It’s him all right. He may be wearing sunglasses and a baseball cap but the boyish grin is unmistakable, and unchanged since the 2001 road movie that made him a star: Alfonso Cuarón’s Y Tu Mamá También, featuring Luna and his real-life best chum Gael García Bernal as priapic young blades on a life-changing trip with an older woman.
The actors had been friends for many years, having grown up as child stars of Mexican television. (Luna’s British mother, Fiona, died in a road accident when he was two; he was raised by his father, Alejandro, a set designer for theatre and film.) Though Luna landed a small part in Julian Schnabel’s Oscar-nominated Before Night Falls, it was his performance in Cuarón’s movie that showed the range of his talents, from bawdy knockabout comedy to plangent emotional honesty. The climax, in which the friends’ threesome with their travelling companion, who has already bedded them both individually, blurs into an expression of gay desire for one another, was a moment of genuine daring and candour.

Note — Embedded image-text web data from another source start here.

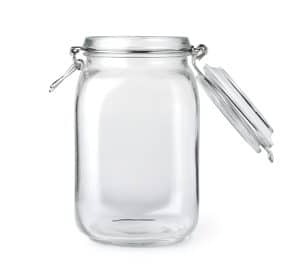 Opened empty glass jar isolated on a white background
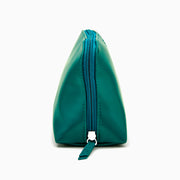 The Effy 2-Piece Travel Pouch set—two teal vegan leather pouches (one large, one small) with embossed logos—is displayed on a white drawstring bag with a matching logo, all set against a plain white background.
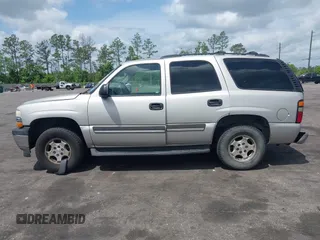 2006 Chevrolet Tahoe LS z VIN 1GNEC13V86R135510, wystawiony jako IAAI lot #42123092 z przebiegiem 370 153 mil mil oraz . Historia ofert i sprzedaży dostępna na DreamBid. Obrazek 14.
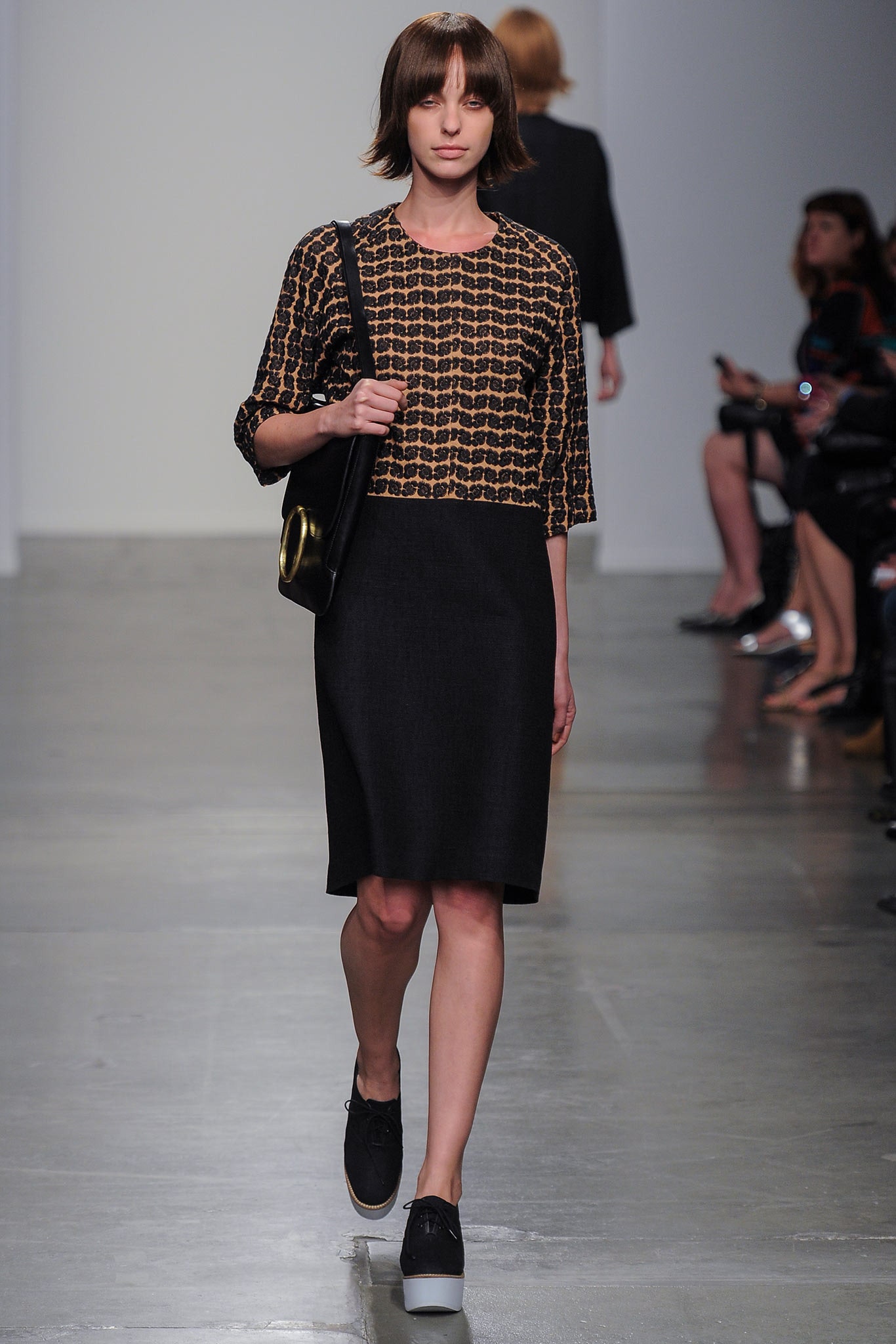 A fitted black dress with three-quarter sleeves and a round neckline, perfect for casual or formal occasions.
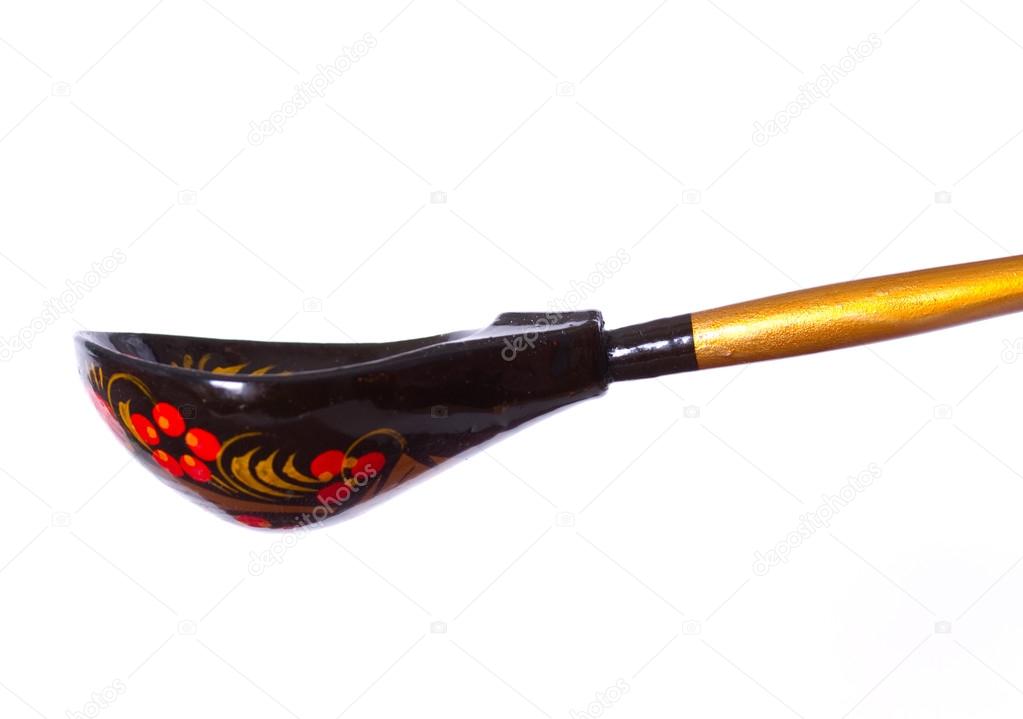 Traditional Russian wooden spoon on a white background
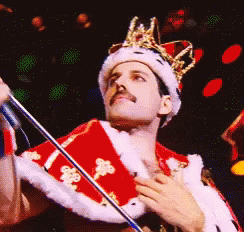 Man in Crown and Red Robe Holding Microphone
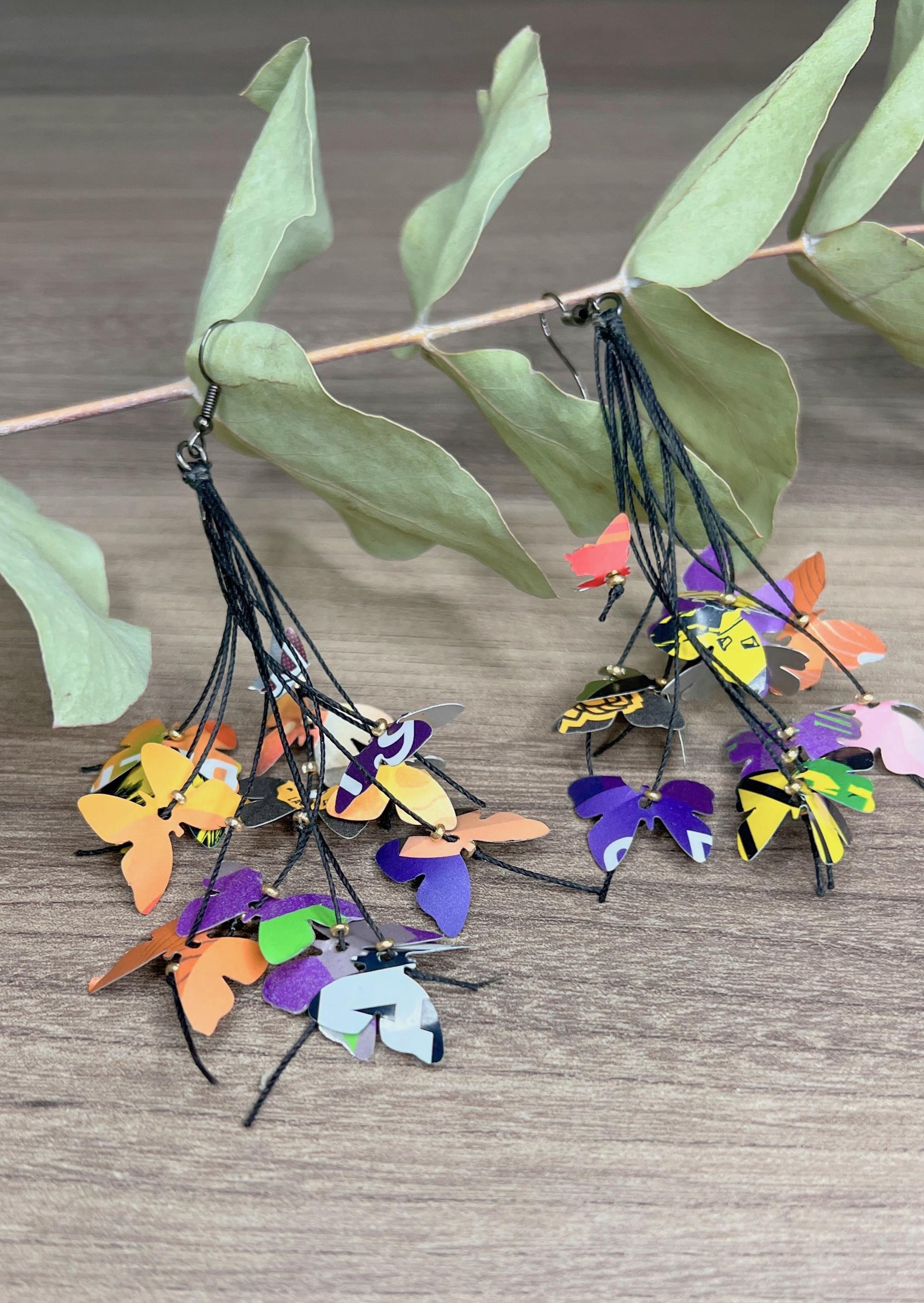 Upcycled earrings hanging on a dry wooden stick with leaves, the earrings feature tiny butterflies cut from soda and beer cans, fitted on waxed cotton cord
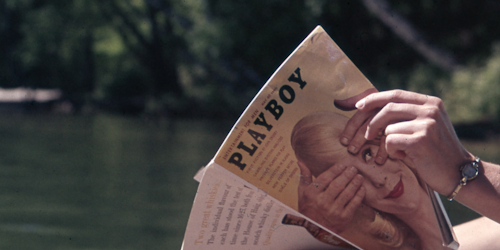 Hands holding old Playboy magazine with lake in background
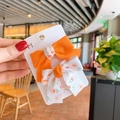 Set of two sweet floral and bright orange bow hair clips on a white display card - Orange Marble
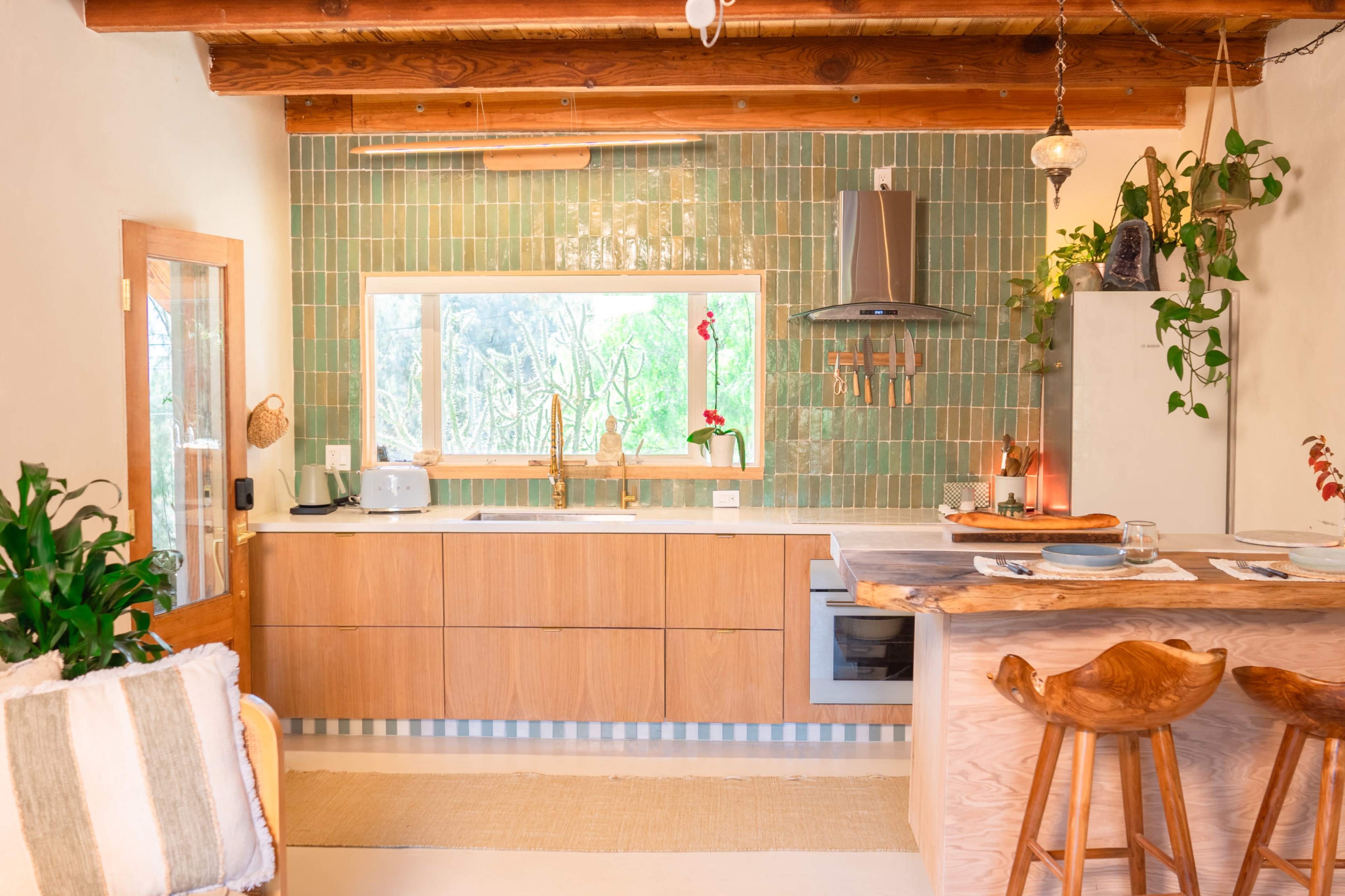 The image shows a modern kitchen featuring wooden cabinetry, a stone countertop, a large window with greenery visible outside, and decorative tiles on the wall.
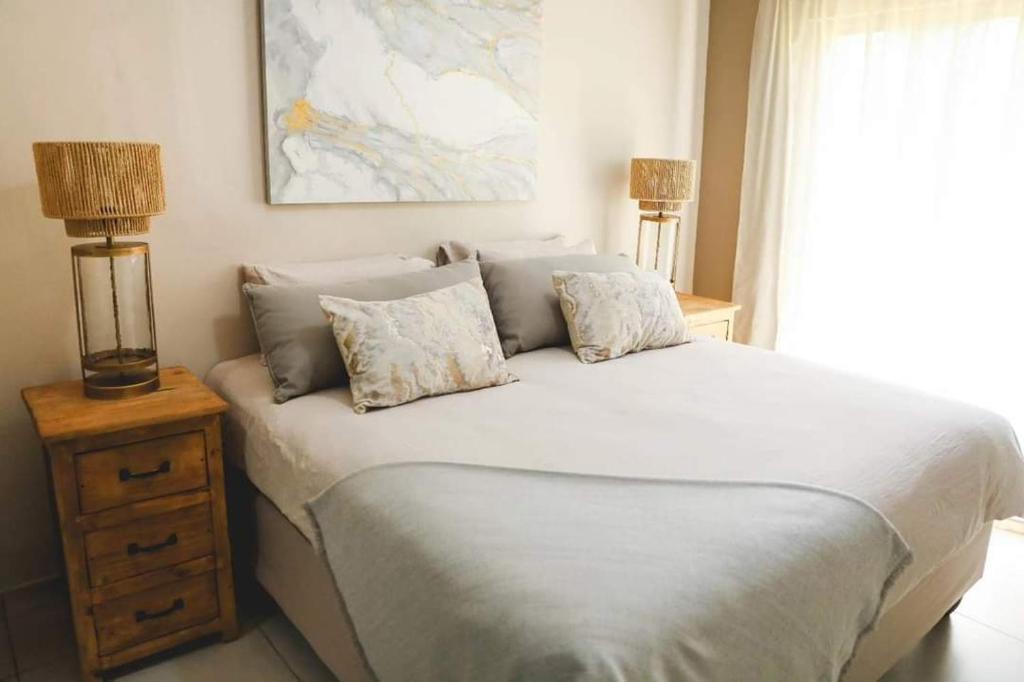 a bedroom with a large white bed with two lamps at Serendipity Boutique Guest house in Welkom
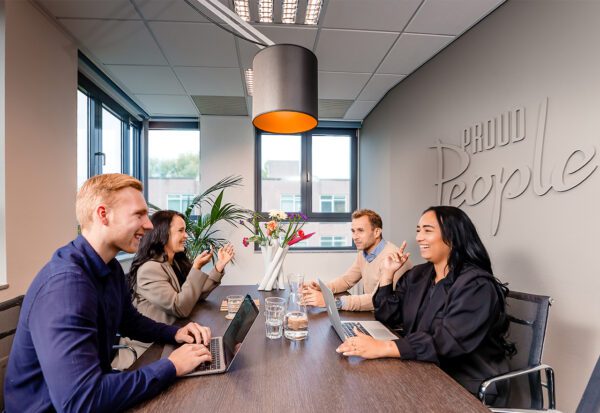 Zijaanzicht vier collega's met elkaar in gesprek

That film kickstarted a career that has seen Luna switch effortlessly between Hollywood extravaganzas and smaller, homegrown Spanish-language projects, many of them socially or politically conscious. But mention the movie that started it all for him and it becomes clear that the years haven’t dulled his affection for it. “We had our characters’ energy,” he recalls. “We were teasing each other nonstop, morning to night, competing in everything; if there were five-minute breaks on set, we would grab stones and see who could throw them the farthest, or who could hit that target. There wasn’t a moment when we weren’t teasing this person or that person, and getting into all these little dramas. I think in a way we became a little addicted to it all: the intimacy and feeling like part of the family.”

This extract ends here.